*** Dataset ***

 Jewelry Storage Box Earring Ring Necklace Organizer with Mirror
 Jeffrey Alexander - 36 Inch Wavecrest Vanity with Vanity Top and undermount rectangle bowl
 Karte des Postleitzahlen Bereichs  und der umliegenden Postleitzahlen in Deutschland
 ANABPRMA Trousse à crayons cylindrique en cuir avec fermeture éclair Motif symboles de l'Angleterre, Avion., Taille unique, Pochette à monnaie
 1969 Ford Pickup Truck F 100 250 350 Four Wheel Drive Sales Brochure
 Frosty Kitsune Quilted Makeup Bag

*** End of Dataset ***
*** Dataset ***

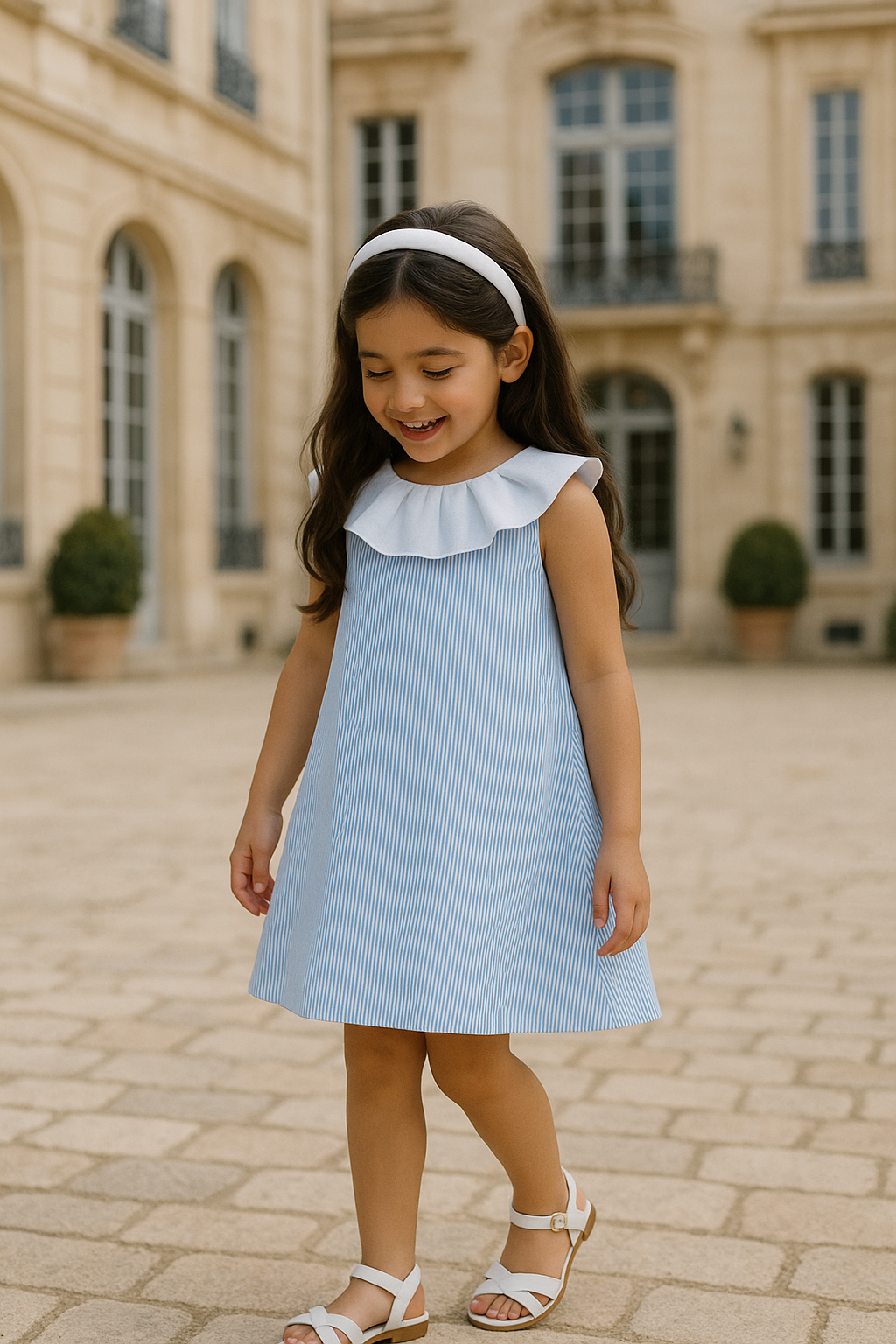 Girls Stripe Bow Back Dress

*** End of Dataset ***
*** Dataset ***

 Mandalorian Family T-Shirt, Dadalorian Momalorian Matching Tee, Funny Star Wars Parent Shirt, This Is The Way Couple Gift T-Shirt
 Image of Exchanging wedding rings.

*** End of Dataset ***

* **What you should do**
What is needed is an exact copy of the lines above, from the one containing "ANABPRMA Trousse à" through the one containing "Frosty Kitsune Quilted Makeup Bag", with nothing added.

* **Your solution**
 ANABPRMA Trousse à crayons cylindrique en cuir avec fermeture éclair Motif symboles de l'Angleterre, Avion., Taille unique, Pochette à monnaie
 1969 Ford Pickup Truck F 100 250 350 Four Wheel Drive Sales Brochure
 Frosty Kitsune Quilted Makeup Bag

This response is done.